Cabot Watch Company
- Type: Subsidiary
- Industry: Watchmaking
- Founded: 1972
- Founder: Ray Mellor
- Website: https://www.cwcwatch.com/

= Cabot Watch Company =

Swiss watch brand

Cabot Watch Company (CWC) is a producer of Swiss Made timepieces for the British military as well as consumers worldwide.

== History ==
CWC was founded by Ray Mellor, who served in the Merchant Navy during the Battle of the Atlantic in World War II. Following the war, he worked in the watch industry as director of UK subsidiaries of Certina, Zenith and Hamilton. During his tenure with Hamilton, he served as the managing director of the watchmaker's UK business, responsible for Hamilton's contracts with the British Armed Forces.

However they chose to close the UK operation and Mellor founded CWC in 1972 to continue supplying the British Ministry of Defence.

He named the business after the 15th century explorer as he worked in Bristol before the war and his son went to Bristol university where he decided to call the company Cabot Watch Company after John Cabot an intrepid explorer which he felt was fitting as he was starting a new exploration into uncharted waters.

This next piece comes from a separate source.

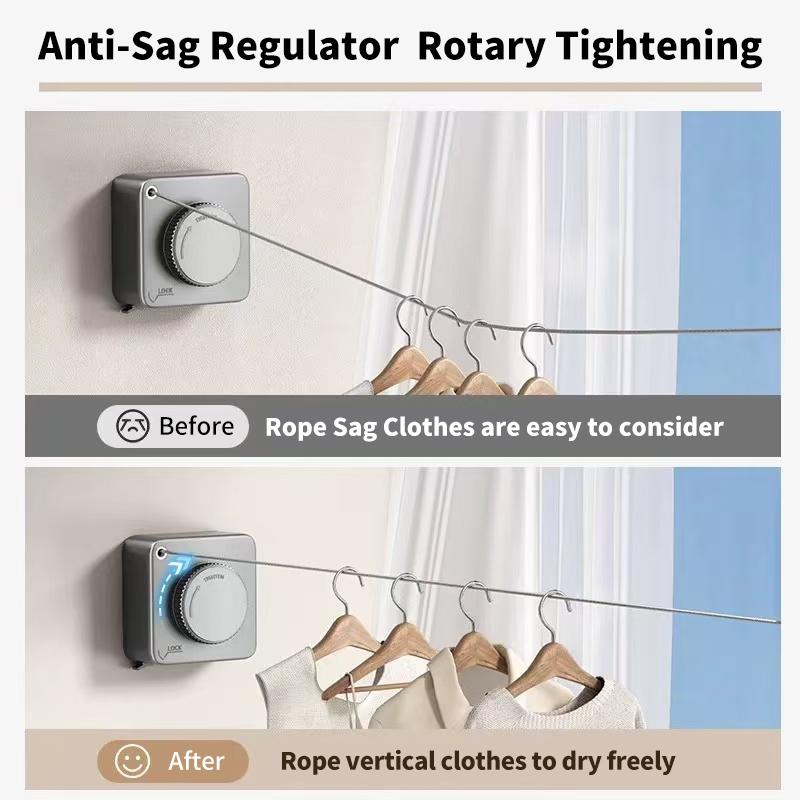 15.1 Ft 40LB Heavy-Duty Retractable Clothes Line - Wall Mounted Indoor and Outdoor Clotheslines - Durable, Space-Saving, and Easy to Install Laundry Line Solution Accessories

In 1996, CWC was sold to Silvermans Ltd., a London-based retailer of military equipment and surplus goods.

== Models ==
Initial models included the General Service Watch, and pilot's chronograph. In 1980, a dive watch was built to Ministry of Defence specifications which featured a rotating bezel with a fully-graduated insert, and automatic ETA movement.

== Patrons ==
The company is a supplier to the British military currently supplying Black Divers watches to Royal Marines, Royal Navy, Royal Navy Submarines and other special units.

CWC chronographs were previously issued to BBC correspondents. One such model is still frequently worn by Jeremy Bowen, the International Editor of BBC News.